Yash, who migrated to the US as a foreign student in the 1960s when it opened up to Indians, helped found several Indian organizations in America. He held an executive position with the Federation of Indian Associations that he helped to launch. Also, Yash hosted a weekly radio program in NY and was the leading promoter of Indian culture (Bollywood stars including iconic singers) in America during the 1980s. He was the Chief Engineer of NYC and was very close with NY Mayor Ed Koch for who he organized fundraisers in the Indian American community. And he had contacts with the Jimmy Carter (while he was President) administration and subsequently the Carter Center in Atlanta. Yash co-organized an Asian American fundraiser in 1980 for the re-election of Jimmy Carter that was attended by the President’s wife, Roslyn. Yash was also well connected with Members of Congress and politicians in New York and New Jersey state.
Yash was introduced to the Indian Guyanese community by businessman and community advocate Ramesh Kalicharran who informed him about the sufferings of the people in Guyana and sought his help to bring to the attention of Members of Congress about the human rights violations there. I had known Yash through my reporting as a community journalist. He had founded the India Day Parade in 1981 which I covered in community publications. Pandit Ramlall and myself were formally introduced to Yash by Kali. Given his political connections with Washington, New York, New Jersey, and the Carter Center in Atlanta, Kali and I asked for his assistance to help restore democracy in Guyana. Kali also introduced him to Cheddi Jagan who Yash met several times. He would later meet Sam Hinds in 1992 before the elections; Sam spent over a week in America hosted by Kali. Yash hosted Jagan on his radio program multiple times and also organized fundraisers for him and the PPP netting large amounts of proceeds. He also got TV interviews for Jagan on Indian American community station. In addition, through Yash, Jagan was introduced to very prominent Indian nationals and Members of Congress to lend their support for the calls for free and fair elections in Guyana. Yash requested and got an appointment for Jagan to meet with the Directors of the Carter Center in Atlanta. Jagan tendered an invitation for President Carter to visit Guyana to assess conditions and make recommendations for free and fair elections. Yash also lobbied Members of Congress and appealed to the Bush Administration to apply political pressure on the Hoyte dictatorship to restore democratic governance and free up the economy. Several Members of Congress and President Bush Sr. released statements calling on the Guyana government to hold free and fair elections.

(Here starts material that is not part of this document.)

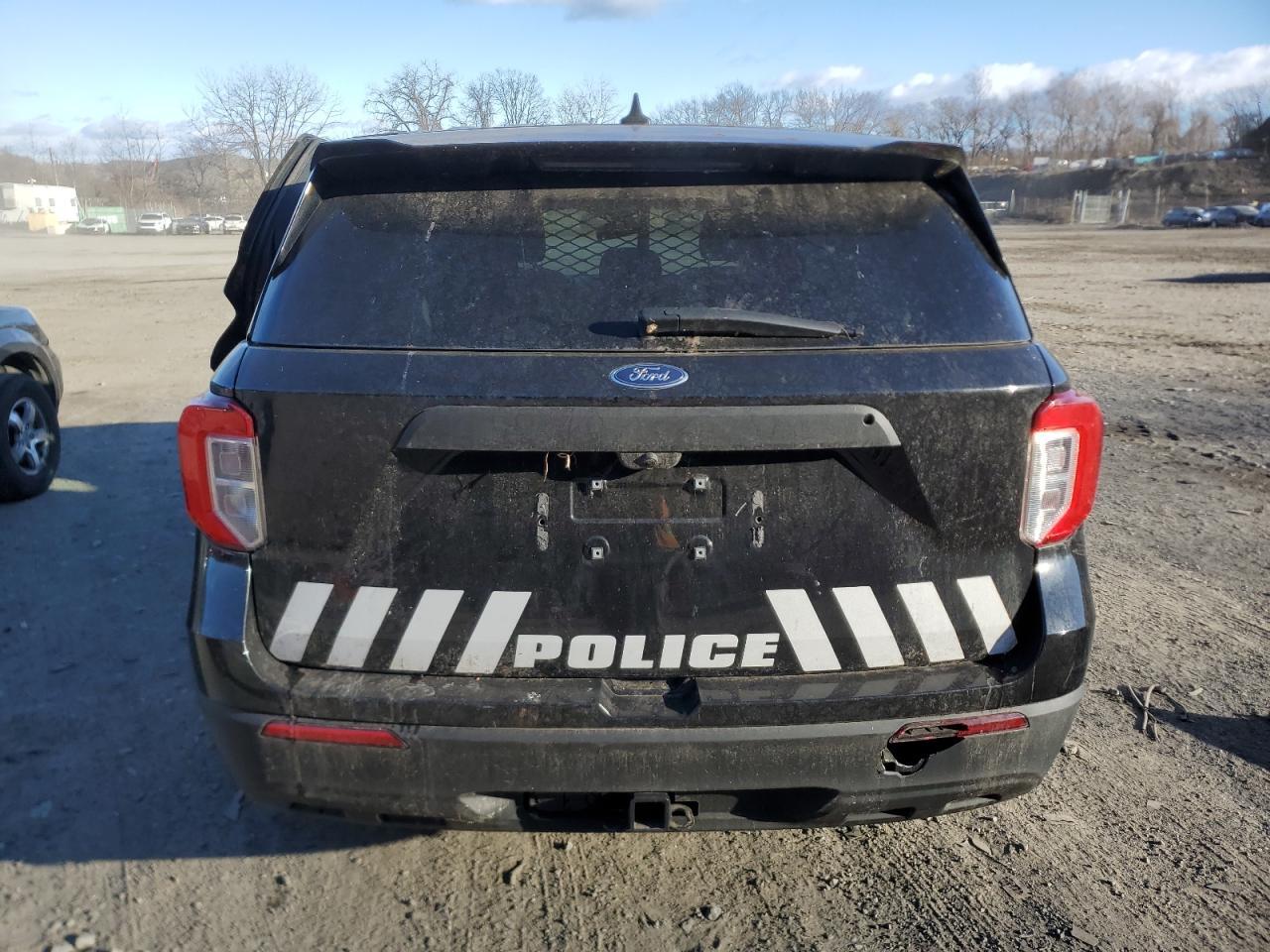 2022 Ford Explorer Police Interceptor - Image 6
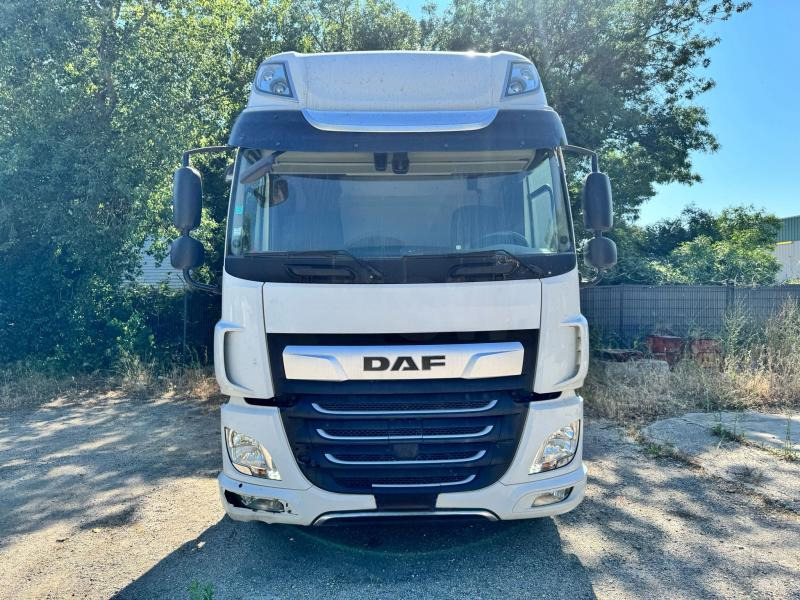 DAF CF 450 - Vlačilec: slika 2 DAF CF 450 - Vlačilec: slika 2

Jimmy Carter visited Guyana and recommended reforms for the holding of free and fair elections. Guyana held its first free and fair elections in October 1992. Jagan won. Democracy was restored. The country returned to economic liberalism. Guyana was open for business.
Cheddi was most grateful to Yash and others in the diaspora for their contributions to the restoration of democracy in Guyana.
The Guyanese people owe a debt of gratitude to Yash for his role in helping to restore democracy in the homeland. Yash earned the sobriquet of “Guyanese freedom fighter”. Yash was so recognized by those of us who were deeply involved in the freedom movement and knew his quiet role and contributions championing free and fair elections.
Yash invited President Jagdeo as Chief Guest for the India Day Parade in August 2011 on Madison Ave. Jagdeo attended the parade along with Donald Ramotar, Clement Rohee, and Irfaan Ali.
In October 2011, President Jagdeo honored Yash at a function at state house for his role in the liberation movement and for promoting Guyana in America. Pandit Ramlall and Ramesh Kalicharran were also honored at the ceremony.